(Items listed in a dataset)
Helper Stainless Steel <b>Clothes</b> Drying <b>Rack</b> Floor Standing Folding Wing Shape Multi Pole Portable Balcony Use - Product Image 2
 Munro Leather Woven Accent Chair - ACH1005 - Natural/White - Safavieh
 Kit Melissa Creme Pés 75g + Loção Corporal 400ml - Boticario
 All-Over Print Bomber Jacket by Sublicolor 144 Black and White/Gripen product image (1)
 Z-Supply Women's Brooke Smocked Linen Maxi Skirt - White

● **Exercise requirements**: The lines above are to be retyped exactly, with none omitted.

● **Expected output**:
Helper Stainless Steel <b>Clothes</b> Drying <b>Rack</b> Floor Standing Folding Wing Shape Multi Pole Portable Balcony Use - Product Image 2
 Munro Leather Woven Accent Chair - ACH1005 - Natural/White - Safavieh
 Kit Melissa Creme Pés 75g + Loção Corporal 400ml - Boticario
 All-Over Print Bomber Jacket by Sublicolor 144 Black and White/Gripen product image (1)
 Z-Supply Women's Brooke Smocked Linen Maxi Skirt - White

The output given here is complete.